Severe hypotonia is a clinical hallmark of PWS, leading to failure to thrive during infancy due to lethargy and poor suck. Other common neonatal findings are decreased movement and spontaneous arousal, weak cry, thick saliva, and poor reflexes (13, 16). Around 9 months of life, eating behavior starts to normalize, and the hypotonic status tends to improve, but mild-to-moderate hypotonia persists throughout life, with reduced muscle mass and tone (9, 17).

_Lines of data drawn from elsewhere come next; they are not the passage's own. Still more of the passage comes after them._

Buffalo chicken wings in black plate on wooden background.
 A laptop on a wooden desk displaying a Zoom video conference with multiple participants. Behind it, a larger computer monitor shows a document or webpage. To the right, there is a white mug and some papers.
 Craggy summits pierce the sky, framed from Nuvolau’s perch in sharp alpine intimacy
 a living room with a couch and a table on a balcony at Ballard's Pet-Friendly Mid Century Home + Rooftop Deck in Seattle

Physical and social milestones (as sitting, walking, first words, and reading) are delayed and can be achieved at about double the normal age (18). Most individuals have mild intellectual disability, learning difficulties, and poor academic performance. During early infancy, characteristic behavioral problems are common, such as stubbornness, manipulation, compulsiveness, self-injury, and difficulty with change in routine (5, 19, 20). Another common feature in the syndrome is sleep disruption, related to sleep apnea that impairs the quality and efficiency of sleep, frequently associated with excessive daytime sleepiness, and sedentary behavior with a higher predisposition to obesity (13, 21).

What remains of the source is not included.